Generation gap returns

Published 12:00 am Saturday, February 23, 2013

At a recent Salisbury luncheon, UNC professor James Johnson sounded the alarm about “Demographic Disruptions” and the need to educate the next generation of workers.
For the first time in history, the nation has four generations in the workplace, Johnson said, and they can be a challenge to manage.
Baby boomers who put in long hours — “because that’s how we roll” — look at new workers’ laid-back attitudes and decide they have a poor work ethic.
To which, Johnson said, the younger worker could reply:
“I finished in 15 seconds what you’ve been navel-gazing about all day long.”

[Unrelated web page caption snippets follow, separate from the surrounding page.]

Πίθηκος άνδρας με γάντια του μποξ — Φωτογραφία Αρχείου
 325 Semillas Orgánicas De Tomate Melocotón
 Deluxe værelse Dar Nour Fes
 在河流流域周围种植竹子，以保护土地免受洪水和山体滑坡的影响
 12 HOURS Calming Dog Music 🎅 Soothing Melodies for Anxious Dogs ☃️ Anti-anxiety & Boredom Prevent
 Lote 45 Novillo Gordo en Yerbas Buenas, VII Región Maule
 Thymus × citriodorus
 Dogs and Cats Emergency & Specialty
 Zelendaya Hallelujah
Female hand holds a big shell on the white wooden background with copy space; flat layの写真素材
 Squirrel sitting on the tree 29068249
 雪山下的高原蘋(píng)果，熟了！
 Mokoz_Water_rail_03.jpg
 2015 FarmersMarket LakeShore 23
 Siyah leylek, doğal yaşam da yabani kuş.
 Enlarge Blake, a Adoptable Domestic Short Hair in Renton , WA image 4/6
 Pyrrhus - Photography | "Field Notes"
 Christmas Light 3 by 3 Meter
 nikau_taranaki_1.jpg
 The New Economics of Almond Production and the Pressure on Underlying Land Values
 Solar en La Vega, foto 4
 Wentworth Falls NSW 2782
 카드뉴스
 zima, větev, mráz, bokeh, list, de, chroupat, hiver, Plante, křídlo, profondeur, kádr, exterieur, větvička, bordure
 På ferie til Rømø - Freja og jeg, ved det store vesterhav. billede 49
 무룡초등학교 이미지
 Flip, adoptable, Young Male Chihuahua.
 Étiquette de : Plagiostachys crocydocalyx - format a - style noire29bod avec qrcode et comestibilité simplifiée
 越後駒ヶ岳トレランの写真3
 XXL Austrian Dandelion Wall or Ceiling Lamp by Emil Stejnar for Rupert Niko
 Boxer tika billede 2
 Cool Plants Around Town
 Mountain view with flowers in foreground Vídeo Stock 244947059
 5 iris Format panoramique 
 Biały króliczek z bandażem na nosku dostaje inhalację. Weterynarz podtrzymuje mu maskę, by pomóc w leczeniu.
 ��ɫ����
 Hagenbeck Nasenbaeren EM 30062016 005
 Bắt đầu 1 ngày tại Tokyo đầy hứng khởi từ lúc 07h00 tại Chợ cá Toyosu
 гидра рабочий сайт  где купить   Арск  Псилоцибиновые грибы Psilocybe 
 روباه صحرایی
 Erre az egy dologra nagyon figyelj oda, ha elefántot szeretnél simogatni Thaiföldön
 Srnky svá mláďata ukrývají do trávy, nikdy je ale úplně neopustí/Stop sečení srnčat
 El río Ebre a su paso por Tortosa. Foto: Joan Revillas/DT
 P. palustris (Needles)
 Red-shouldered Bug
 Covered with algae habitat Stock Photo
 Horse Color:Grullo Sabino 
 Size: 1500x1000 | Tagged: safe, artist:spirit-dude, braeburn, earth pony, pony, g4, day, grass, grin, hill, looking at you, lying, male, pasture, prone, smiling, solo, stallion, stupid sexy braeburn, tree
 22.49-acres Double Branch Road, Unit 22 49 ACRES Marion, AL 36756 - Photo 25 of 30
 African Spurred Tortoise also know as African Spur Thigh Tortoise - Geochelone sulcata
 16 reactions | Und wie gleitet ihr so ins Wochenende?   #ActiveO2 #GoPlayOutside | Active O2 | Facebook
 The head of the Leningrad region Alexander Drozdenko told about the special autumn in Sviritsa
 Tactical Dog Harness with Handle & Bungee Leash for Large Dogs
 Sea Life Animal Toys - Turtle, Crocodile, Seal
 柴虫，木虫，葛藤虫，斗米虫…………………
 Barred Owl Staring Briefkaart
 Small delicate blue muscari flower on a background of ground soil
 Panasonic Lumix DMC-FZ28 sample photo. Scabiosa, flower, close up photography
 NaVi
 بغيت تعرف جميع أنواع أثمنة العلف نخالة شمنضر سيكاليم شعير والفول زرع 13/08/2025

Pete Bogle, the new head of the county’s Building Codes Enforcement Department, puts a big emphasis on working with developers and finding ways to say yes.
During a presentation he gave at a city luncheon, Bogle showed a slide featuring these building features — not found in Rowan County, he said:
• A faucet that didn’t reach the sink.
• An electric breaker box installed inside a shower.
• A public bathroom in which the bottoms of the stall doors were higher than the toilets. Not much privacy.
His department wants to be customer-friendly, Bogle said, but “there are times we have to say no.”
Scott Saylor, head of the N.C. Railroad, says the railroad is the state’s most important economic asset — and an economic way to move freight, especially with fuel prices spiking up.
He recalled running into an acquaintance who is with Martin Marietta, a company that moves thousands of tons of crushed stone, sand and gravel a year.
Fuel prices had just taken another leap, so Saylor asked a timely question for the Martin Marietta person: “Have you hugged your railroad today?”

In a recent visit to Salisbury, Saylor said an old letter from Salisbury’s Sen. John Henderson had been found among the railroad’s records.
Written in the 1890s, Henderson’s letter urged speedy completion of the railroad lease then under negotiation with Southern Railway “because something very important is going to happen in Rowan County.”
A year later, Saylor said, Southern announced an investment in Rowan — the Spencer Shops.
The huge railroad repair yard was important to Henderson in more than one way, according to Post records. It was built on land Southern bought from — guess who — Sen. John Henderson.